Yesterday I received 2 Phottix Mitros+ flashes direct from Phottix in Hong Kong. I couldn't find much first-hand info on them before buying, so I was hesitant to take a chance, but in case somebody else is contemplating them or finding this thread through a search, let me report - these are the real deal.

I'm coming from a 580 II + PocketWizard Flex + AC3 setup. The setup has worked fine, but I would get so annoyed with carrying around the PW's, spare batteries for them, etc. The idea of having it all be built-in was just too tempting. Why didn't I just go for the 600EX? Well, the great thing about the PW setup is that it also let me trigger manual flashes or studio lights. In the case of my AlienBee, the PW AC9 even allowed remote power adjustment from the camera using the AC3. I wanted to keep this flexibility, and the Phottix system is compatible with their other, cheaper triggers.

I haven't done any extensive shooting yet, but I did test the following:
2 Mitros+ flashes
Odin transmitter
Strato II receiver

In a word - everything works as intended. I was able to get things up and running in a few minutes without using the manual. After a few initial stumbles (likely caused by not reading the manual), everything got set up and fired every time. I had the Strato II on an old manual Sunpak flash, using either a Mitros+ or the Odin as a transmitter, etc.
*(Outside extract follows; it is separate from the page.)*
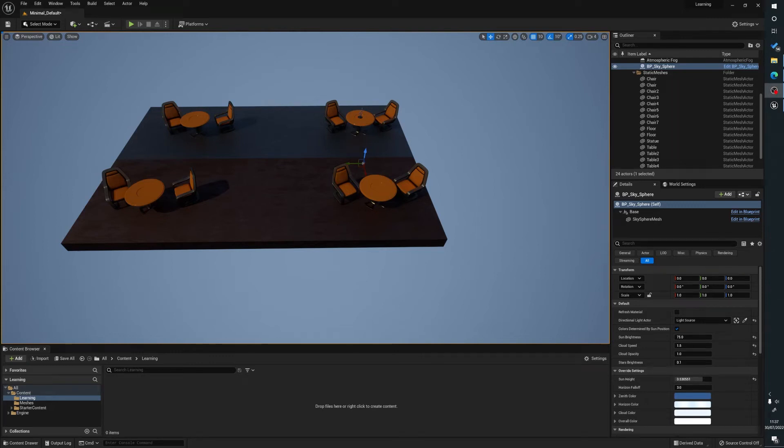Hello, my name's Joe and what we're going to be looking at is how to set up culling inside of Unreal Engine 5. If you find this useful please do like, subscribe and hit that bell as it really helps me understand what people are enjoying and what they're not.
Everything just worked.

The build quality is good, there are cables, accessories, carrying pouch, foot, and even a little clip-on diffuser. Everything feels solid. Definitely not ebay-grade Chinese knockoff territory.

I'm a little disappointed that there isn't a dome type diffuser that's compatible with these, at least not on the Phottix site. The provided clip-on one does a tiny bit of diffusion for direct flash, but it doesn't make the light go everywhere like the dome type. In any case, since Phottix sells dome diffusers for Canon/Nikon flashes, I expect they will eventually make one for their own. Also they have this thing:http://www.phottix.com/en/phottix-cloth-soft-flash-diffuser.html.
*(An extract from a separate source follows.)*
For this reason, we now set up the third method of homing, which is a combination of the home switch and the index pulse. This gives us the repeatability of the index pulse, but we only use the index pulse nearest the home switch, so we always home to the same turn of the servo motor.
Overall, I'm pretty excited to get rid of all the PW's. I plan to use these at a party this Saturday, so I can report back with real-world findings.

Better than PocketWizards: No separate units to mess with
Worse than PocketWizards: No remote power adjustment for AlienBees. Power tweaking with the PW AC3 is quicker and more intuitive than any LCD.

Better than Canon: cheaper, provides remote second curtain, can trigger studio/manual strobes using cheap compatible triggers.


----------



## ScottyP (Nov 23, 2013)

And the Mitros+ lets you control the flash's telephoto zooms from 24-105 remotely. 

I got 3 of them delivered last week. They are really heavy and solid. It has been raining and I have been working kind of crazy hours so I have not had time to play with them much yet.


----------



## vlad (Nov 26, 2013)

First real-world experience was without issue. Still developing the muscle memory to quickly adjust mode and power remotely, but overall the system is simple and solid.


----------